Let’s circumscribe the discussion and think of poverty as the end-effect of other underlying social phenomena such as exclusion: integration can only be achieved with the active engagement of individual at risk of exclusion. So not only the right to and principle of equality are at play here, but also moral duties.

Policy actions must be undertaken that allow for a personalized integration process (Levinas’ face of the Other), while requiring commitments from the subject being exposed to the risk of exclusion, be it because of drug-addiction, alcoholism, unemployment, truancy, health problems, and the like.
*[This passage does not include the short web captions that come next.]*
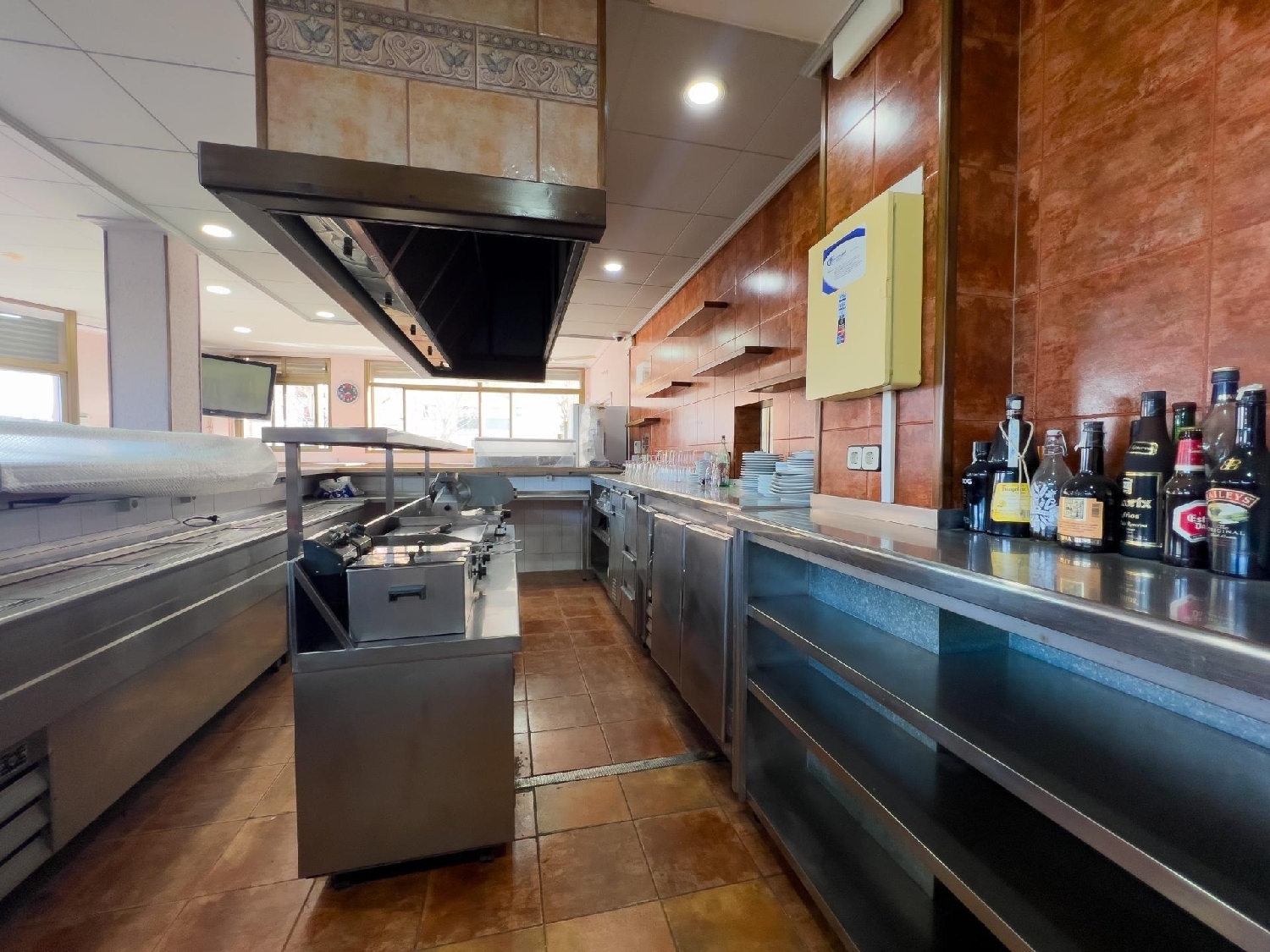  kaufen Gewerberaum Mataró Centre 08301 Maresme 8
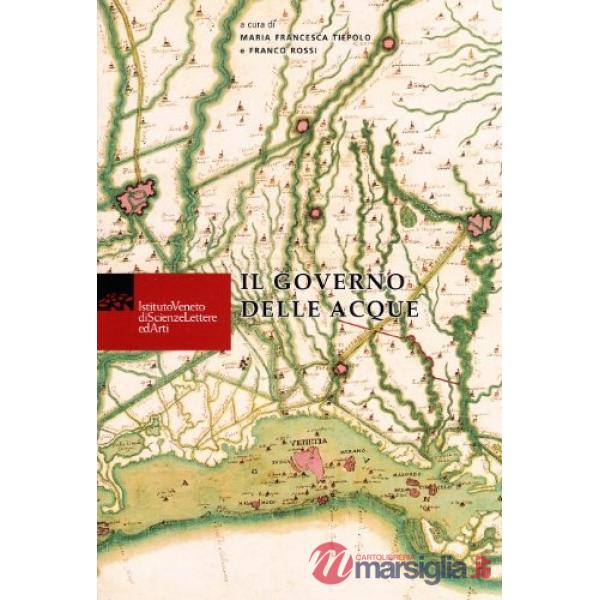 Governo delle acque (Il)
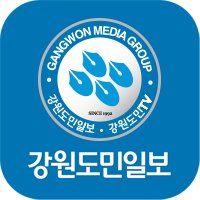  삼척에서 학교발 코로나19 확진자 무더기 발생,추가 확산 우려 ...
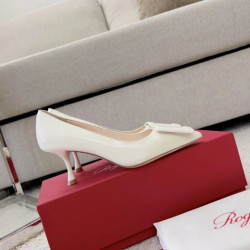 ROGERVIVIER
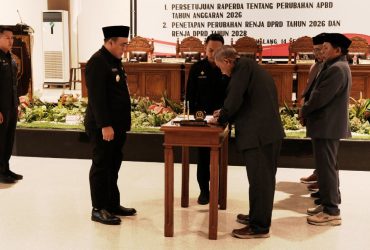 headline-foto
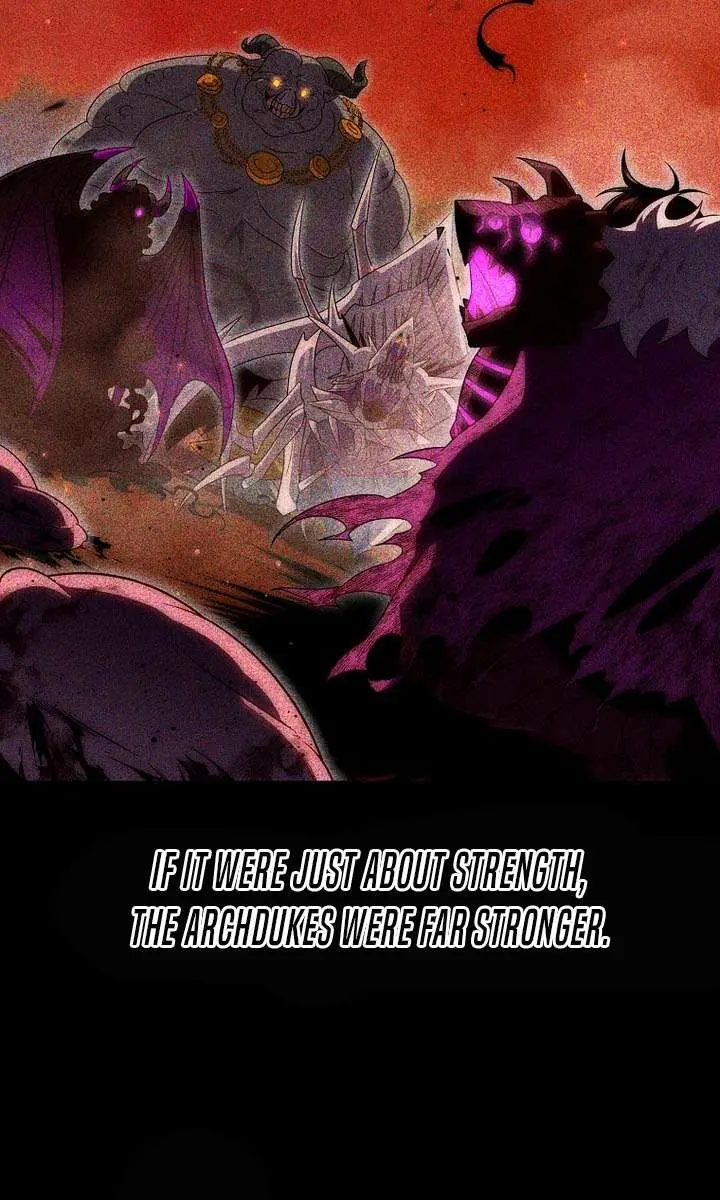 Player Who Returned 10,000 Years Later Chapter 153 Page 16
Inclusion involves costs that must be shared by the recipient.

Speaking of duties in welfare policy may seem a paradoxical development in an age where international law increasingly acknowledges fundamental rights for all individuals on the planet: but is the formal enlargement of fundamental rights enough to solve the problem of exclusion? The answer is implicit: no, unless solidarity actualizes that fundamental right.

And this line of reasoning can be extended beyond poverty, to citizenship and the various ways of integrating individuals in a political community. Public powers must manage integration processes and especially be wary of the possibility of isolating rather than integrating. Effective social policies are based on commitments undertaken by individuals aspiring to be included and integrated, who thus must cooperate and share the costs according their conditions and possibilities, because solidarity is a two-way duty, not a unilateral right.